Could you retype only the lines from the one containing "Ordnance Survey six-inch" through the final line of the entries, both included, skipping any images?

Captioned web image data.

□ □ □

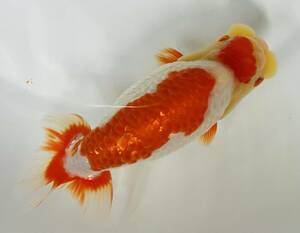 **. after preeminence . orchid . Hamamatsu × Mito system .. join individual own production egg two years old fish .. female type approximately 17.( animation equipped )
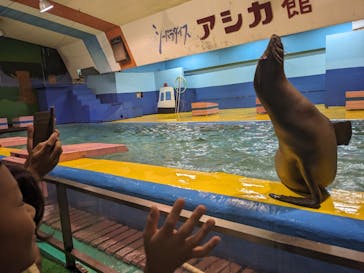 ゼロ距離水族館 伊勢シーパラダイスに投稿された画像（2023/8/22）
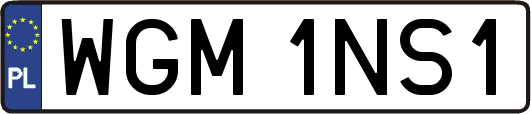WGM1NS1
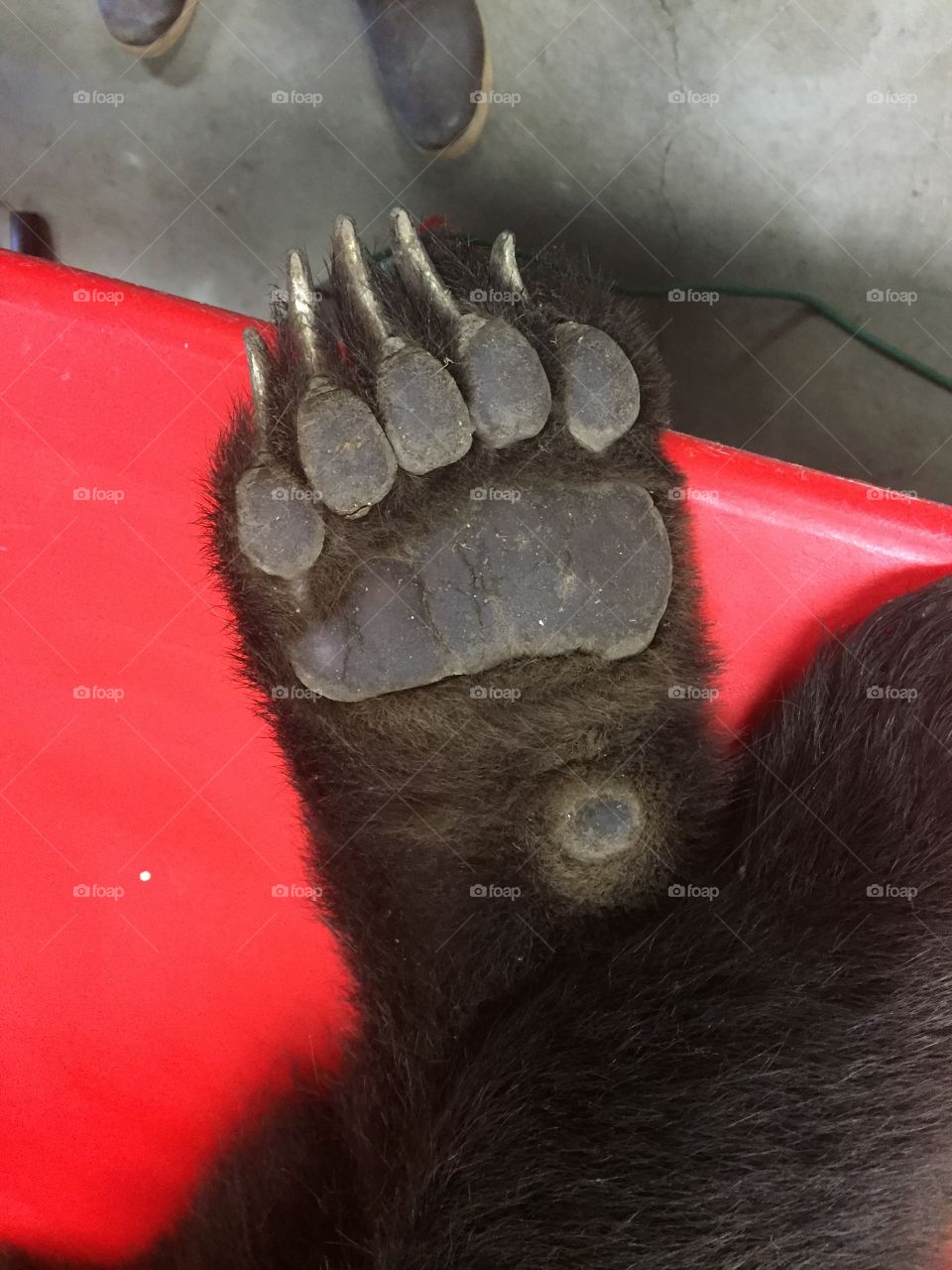 Grizzly paw! 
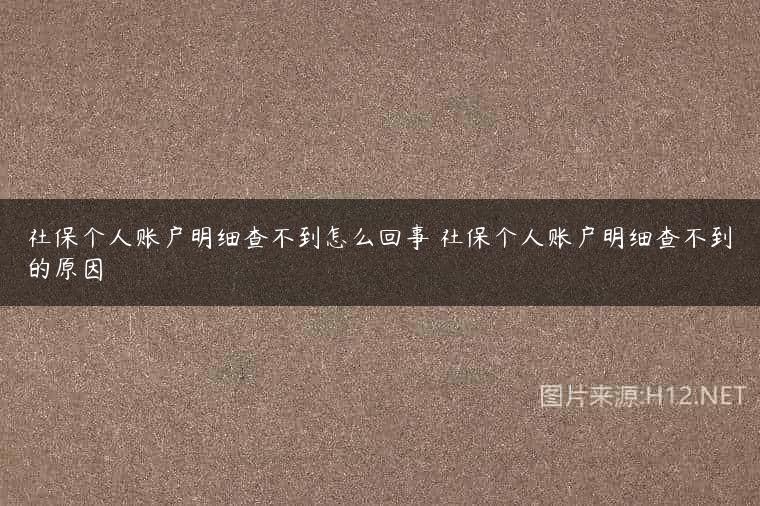 社保个人账户明细查不到怎么回事 社保个人账户明细查不到的原因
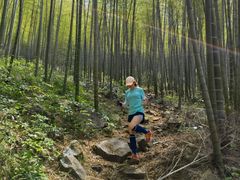 -陶祖圣境风景区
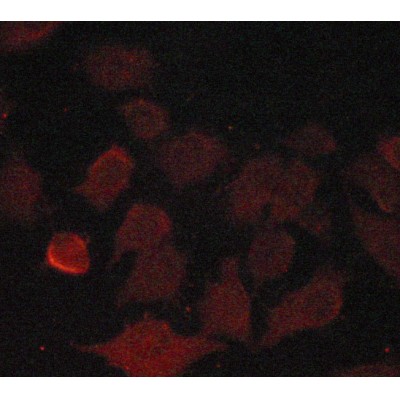 Валидация Affinity AF6168 - 3388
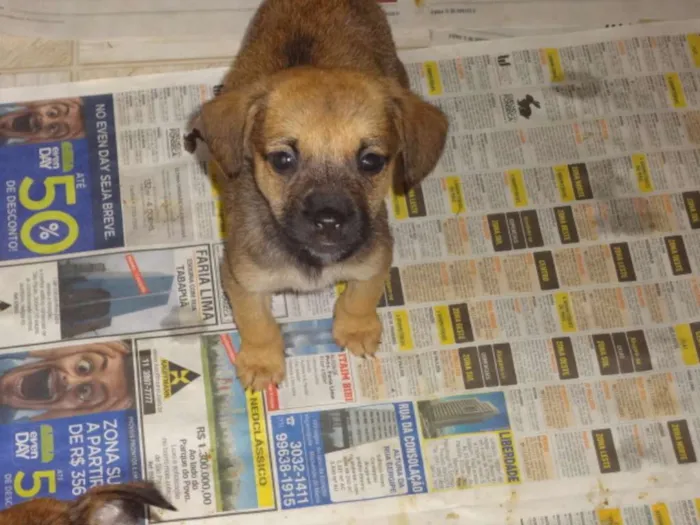 Cachorro ra a SRD idade 2 a 6 meses nome lia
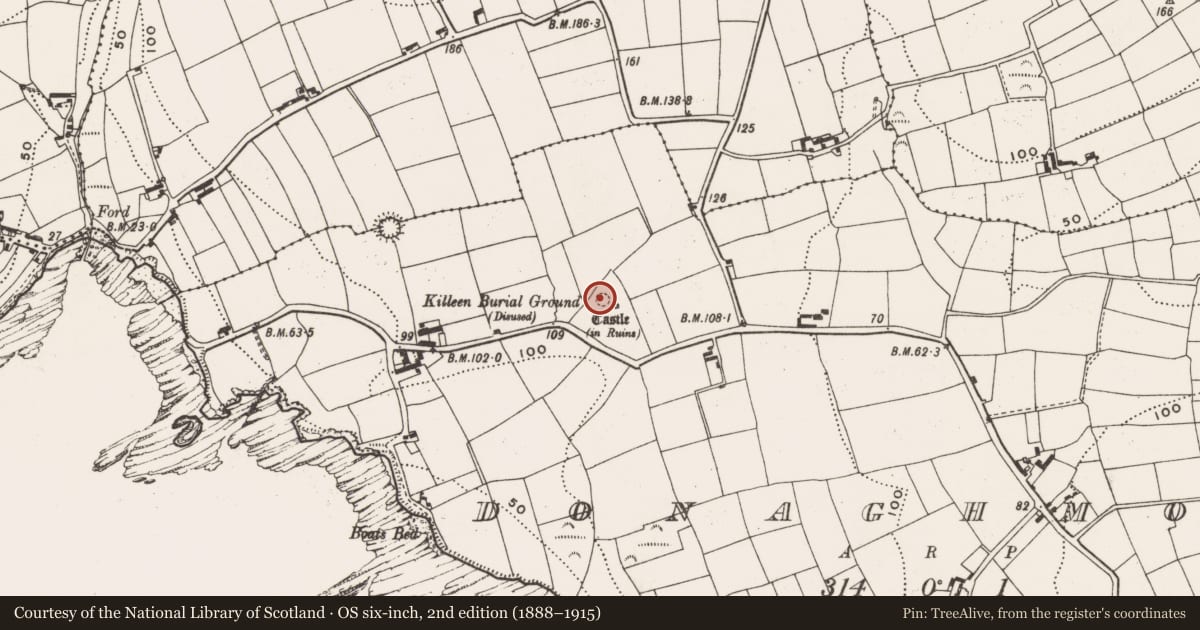 Ordnance Survey six-inch map, 2nd edition (1888–1915) covering the location of Burial ground, Donaghmore, County Cork, with a pin at the register's coordinates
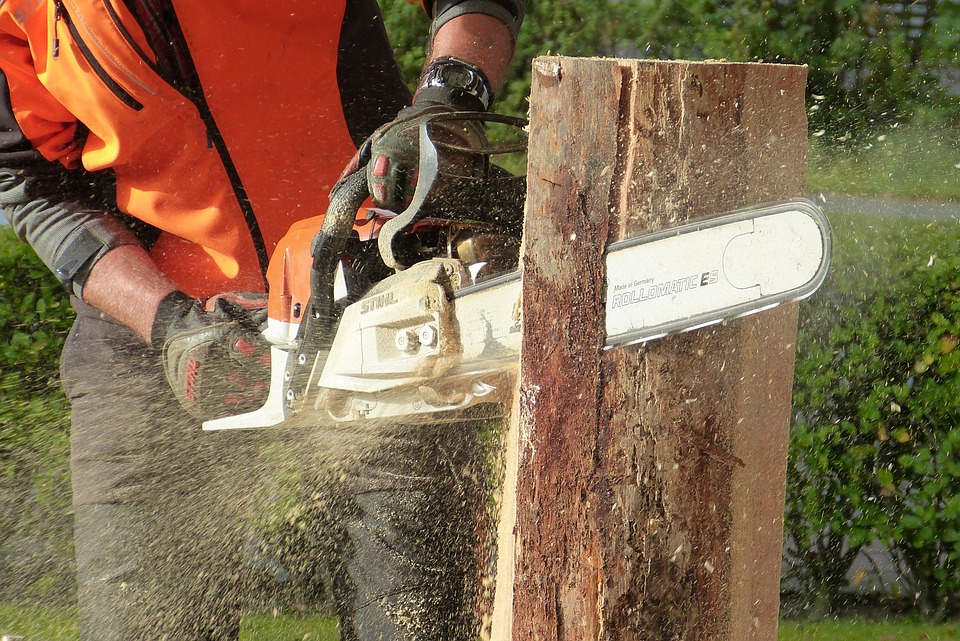 A man cutting a trunk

□ □ □

Expected output.
 Ordnance Survey six-inch map, 2nd edition (1888–1915) covering the location of Burial ground, Donaghmore, County Cork, with a pin at the register's coordinates
 A man cutting a trunk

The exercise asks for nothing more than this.